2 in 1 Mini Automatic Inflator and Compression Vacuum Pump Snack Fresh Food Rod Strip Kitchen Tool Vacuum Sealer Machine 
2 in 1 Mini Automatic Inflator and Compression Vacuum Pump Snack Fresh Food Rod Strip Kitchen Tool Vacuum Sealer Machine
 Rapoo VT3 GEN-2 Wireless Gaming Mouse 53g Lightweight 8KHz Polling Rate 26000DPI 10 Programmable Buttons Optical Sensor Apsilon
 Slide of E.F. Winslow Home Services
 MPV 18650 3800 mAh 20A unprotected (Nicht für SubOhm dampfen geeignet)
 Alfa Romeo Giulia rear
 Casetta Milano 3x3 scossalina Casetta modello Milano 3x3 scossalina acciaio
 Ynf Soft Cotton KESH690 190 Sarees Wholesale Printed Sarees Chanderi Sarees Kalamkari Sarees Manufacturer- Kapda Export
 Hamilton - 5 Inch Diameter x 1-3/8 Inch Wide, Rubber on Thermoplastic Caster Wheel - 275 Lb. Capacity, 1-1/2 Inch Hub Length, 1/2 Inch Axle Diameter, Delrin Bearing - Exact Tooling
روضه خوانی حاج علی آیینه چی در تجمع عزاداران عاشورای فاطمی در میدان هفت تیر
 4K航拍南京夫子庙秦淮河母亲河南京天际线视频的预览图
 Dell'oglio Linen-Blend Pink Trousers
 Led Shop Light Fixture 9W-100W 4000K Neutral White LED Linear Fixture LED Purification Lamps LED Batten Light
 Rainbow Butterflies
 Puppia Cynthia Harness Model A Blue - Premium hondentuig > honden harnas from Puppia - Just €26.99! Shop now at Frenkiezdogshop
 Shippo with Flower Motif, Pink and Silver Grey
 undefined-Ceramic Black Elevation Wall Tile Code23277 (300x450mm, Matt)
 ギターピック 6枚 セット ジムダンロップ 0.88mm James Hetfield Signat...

+-------+

## [What to work on]
Only a number is wanted: how many lines above include "Food"?

## [Solution for this task]
2